Bluebeard’s neighbour, a Lady, has two beautiful daughters and is looking for suitable husbands.  When they first see Bluebeard, the daughters find him repulsive.  However, Bluebeard organizes a feast and invites the young women and a few of their friends (first image).  As they go from pleasure to pleasure, the younger daughter begins to see Bluebeard as a less frightening man and marries him.

Bluebeard marries and goes on a trip: forbidden room

Once he has married the younger daughter, Bluebeard tells her he must go away on a trip, but to invite friends (second image).  He then starts distributing keys and warns his wife not to enter a certain room yet gives her the key to this room.  The telltale key and the forbidden room are motifs dating to the story of Adam and Eve.  Eve is tempted by the serpent and bites into the forbidden apple.  When collecting folktales, the Brothers Grimm were told the story of Marienkind, Mary’s Child, in which a girl enters a forbidden thirteenth room, sees the Trinity and is then burdened with a telltale gold finger.  Marienkind will not confess that she did enter the forbidden room until she is condemned to burn at the stake.  As the flames start engulfing her, she finally tells the truth and is saved.  The motifs of that tale, the forbidden room and the telltale stain, link it to Bluebeard.

Disobedience: the stained key

Like the archetypal Eve, women are considered curious and, despite their fears, they want to unlock forbidden rooms, closets and cabinets.  Again, “folk versions of the tale do not fault the heroine for her curiosity?”[iv]  Bluebeard’s young wife trembles, but she unlocks the hidden cabinet (third image).  Here we think of the deceptive closet that leads to other rooms.  That is another motif.  Next, when the young wife sees the bloodstained floor and the bodies of dead women, she drops the key and it gets stained by the blood on the floor of the room.  This element seems a variation on the “tache [stain] originelle,” or the original sin.  Therefore, our main motif could well be that of the indelible stain.  Babies are born “entachés,” stained with the original sin.  The young wife cannot clean the key.  It is, therefore, an enchanted key.

Bluebeard returns

Bluebeard returns that very evening and is received with open arms.  His bride hopes to delay the moment when he will ask for the keys to be returned, one of which is the stained key.  The young bride therefore entertains her husband as does Scheherazade, the Persian Queen of the One Thousand and One Nights who has studied sufficiently to know that fiction, entertainment in the form of storytelling, might save her from death, which it does.

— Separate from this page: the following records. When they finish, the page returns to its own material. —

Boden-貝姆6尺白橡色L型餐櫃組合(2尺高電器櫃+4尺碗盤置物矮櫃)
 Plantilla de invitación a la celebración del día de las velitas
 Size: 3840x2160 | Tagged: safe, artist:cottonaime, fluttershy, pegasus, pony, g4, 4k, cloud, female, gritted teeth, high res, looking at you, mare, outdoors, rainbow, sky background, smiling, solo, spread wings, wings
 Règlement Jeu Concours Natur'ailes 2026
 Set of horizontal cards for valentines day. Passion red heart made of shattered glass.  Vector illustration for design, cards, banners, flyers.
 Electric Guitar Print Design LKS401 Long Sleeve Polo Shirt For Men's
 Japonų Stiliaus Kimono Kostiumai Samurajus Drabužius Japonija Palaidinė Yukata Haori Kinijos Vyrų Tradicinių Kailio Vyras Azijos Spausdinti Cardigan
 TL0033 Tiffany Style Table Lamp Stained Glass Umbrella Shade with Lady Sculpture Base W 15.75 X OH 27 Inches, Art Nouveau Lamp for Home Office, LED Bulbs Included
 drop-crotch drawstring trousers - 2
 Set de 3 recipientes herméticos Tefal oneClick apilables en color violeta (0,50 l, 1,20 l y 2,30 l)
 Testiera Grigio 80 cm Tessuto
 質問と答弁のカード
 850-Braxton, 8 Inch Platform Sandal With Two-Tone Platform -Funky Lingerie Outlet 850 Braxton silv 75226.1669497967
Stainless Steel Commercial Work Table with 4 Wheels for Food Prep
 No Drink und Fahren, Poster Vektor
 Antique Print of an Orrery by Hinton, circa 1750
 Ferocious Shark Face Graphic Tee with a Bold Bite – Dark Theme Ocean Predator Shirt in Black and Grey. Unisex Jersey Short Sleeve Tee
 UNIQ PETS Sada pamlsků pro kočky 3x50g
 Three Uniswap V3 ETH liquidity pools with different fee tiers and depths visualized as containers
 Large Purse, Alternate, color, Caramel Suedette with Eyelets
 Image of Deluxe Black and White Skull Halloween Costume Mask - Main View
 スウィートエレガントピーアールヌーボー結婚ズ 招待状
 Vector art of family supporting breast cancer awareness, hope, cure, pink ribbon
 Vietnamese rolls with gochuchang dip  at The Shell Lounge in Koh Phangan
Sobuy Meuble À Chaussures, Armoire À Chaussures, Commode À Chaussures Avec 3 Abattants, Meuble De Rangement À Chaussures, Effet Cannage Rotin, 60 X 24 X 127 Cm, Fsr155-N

However, the next morning, our poor young wife is asked to return all the keys her rich and ruthless husband has entrusted to her.  He sees the stained key and tells her she will join the wives who have died due to their indiscretion.  She, of course, falls to her knees begging for forgiveness.  Bluebeard was testing her and she has failed the test.  She is yet another Eve who has yielded to temptation.

Tests are a common element in fairy tales as are the three requirements that will turn a toad into a prince.  But Bluebeard is a one-test, or trap, narrative that resembles the Pandora’s Box narrative.  Pandora is given a jar named pithos which she is instructed not to open, but curiosity, the villain, is as irresistible as the serpent.  She opens the jar and releases all the bad things in the world.  Evil is born and women are to blame.  They are the scapegoats. 

Fortunately, Bluebeard’s young wife inhabits fairyland.  Her sister Anne has not yet returned home.  So the young bride has a stand-in, so to speak, and uses a common a ruse.  She asks to be allowed to pray for one half of a quarter-hour and goes upstairs to alert her sister.  This recourse is reminiscent of Shakespeare’s Desdemona‘s (Othello) request.  This is yet another motif or, possibly, an instance of intertextuality, texts that mirror one another.  Usually, folktales contain motifs, just as music contains themes. Shakespearean theater is otherwise classified, but the stained finger could be designated as a motif in the broader world of fiction.  Our terrified héroïne asks her sister Anne to go to a tower and to watch because their brothers have promised to visit and Bluebeard has returned earlier than expected.  Anne is instructed to alert them from her tower. This is ATU type 312 and 312A.

Anne, ma sœur Anne, ne vois-tu rien venir ?

Bluebeard grows increasingly impatient, but the younger wife keeps asking her sister Anne whether or not she can see the brothers.  This is a summit of suspense:  Anne, ma sœur Anne, ne vois-tu rien venir ? Anne, my sister Anne, can’t you see anything coming?  Anne answers twice.  Je ne vois rien que le Soleil qui poudroie, et l’herbe qui verdoie.  All I see are flurries of the Sun and grass turning green.  The third time, however, Anne reports that she sees men on horseback riding in their direction.  As you know, the number three is a common element of fairy tales.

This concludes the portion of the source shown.